Wednesday, August 28, 2013

A Declaration of Being

I'm a "???".  Most of us can fill in the blank with a number of descriptors. At the Jewish Artists' Lab* exhibition, artist Robyn Awend has an interactive piece which consists of plastic card holders, each pocket holding a card that describes one attribute among the multiplicity of things that can describe a person. The act of taking a card is a declaration of being, of who one is, or at least one aspect of who one is.  It is in the combination of attributes that we begin to define our uniqueness.

Last week at the opening we had a gallery filled with people and vibrating with energy. The catalog looked beautiful and each artwork told a story about a subject we had discussed, but also gave a glimpse into the artist.

The poem I wrote to accompany my painting drew a lot of interest and brought me back to the topic of declaring who one is. " I'm not really a poet ," I protested, conscious of the "real" writers and poets who create far more "poetic" work among our group. The act of declaration seems to carry a responsibility to work at and develop a craft. I'm not sure I'm ready to make such a declaration about poetry.
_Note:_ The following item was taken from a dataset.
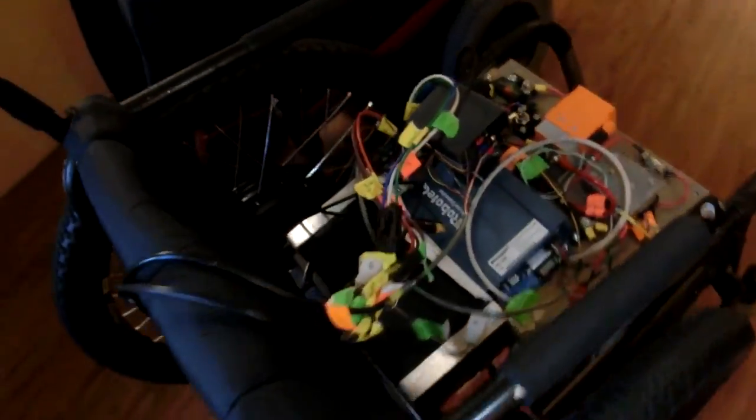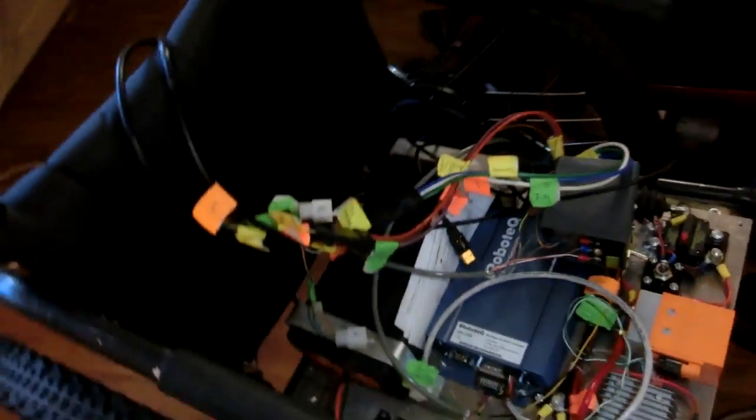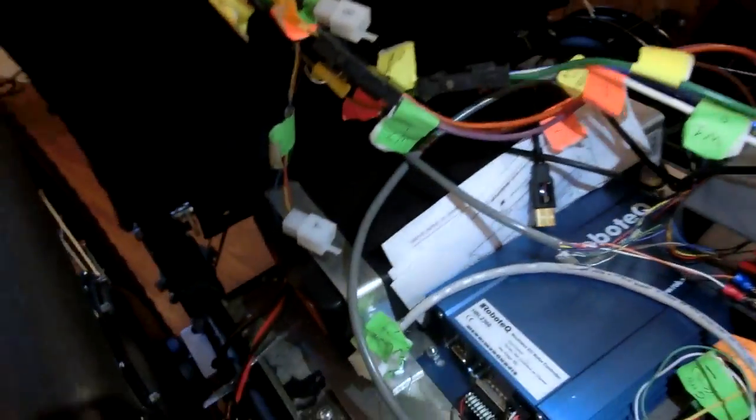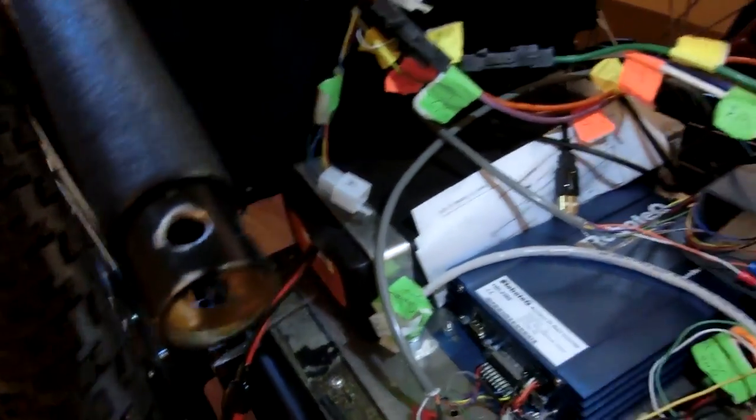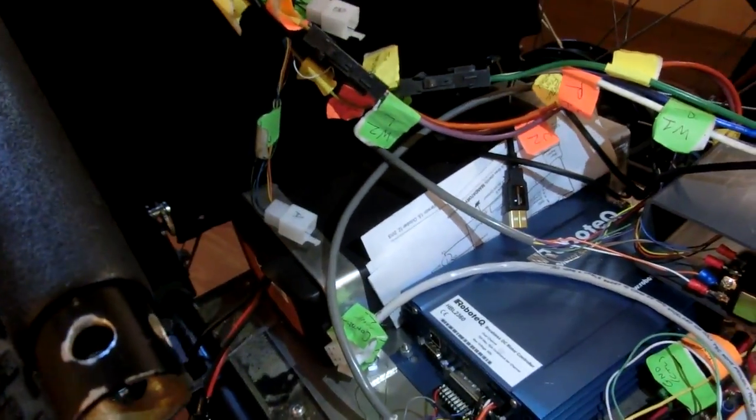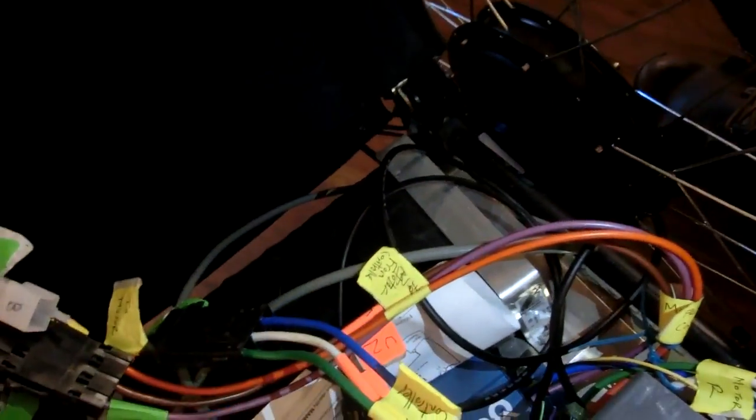Oh nice, LiFePO4 is a lot safer. Yeah and you get a lot more charge cycles. Oh so you switch to 48 volts too. Yeah 48 volt 10 amp hour.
I think about a journal from my 20s filled with poetry, a chronicle of my first marriage. When did I stop writing? I think it was as that marriage wound down, as if I could only write when faced with youthful angst. Since then I've written a handful of playful poems for special occasions, but nothing of the daily fabric of life.

So what motivated this recent effort? In this case it just seemed like the best way to juxtapose the two stories, Abraham and Isaac and Dora and her mother. The other advantage of poetry was that it let me tell the story through the eyes of Isaac and Dora. Not only could I contemplate their experience, but for a brief moment I could step inside of it and imagine it through their eyes. I am accustom to working in a series of paintings, each one allowing me to look at a different facet of the topic I explore. One painting just didn't seem like enough. I could easily have done a series, but lacking wall space in the exhibition, I decided to use a different medium. In the process it felt a bit like discovering an old friend. The sound of words lapping up against each other, giving voice, echoing, weaving in and out, each voice stepping up in turn to declare itself.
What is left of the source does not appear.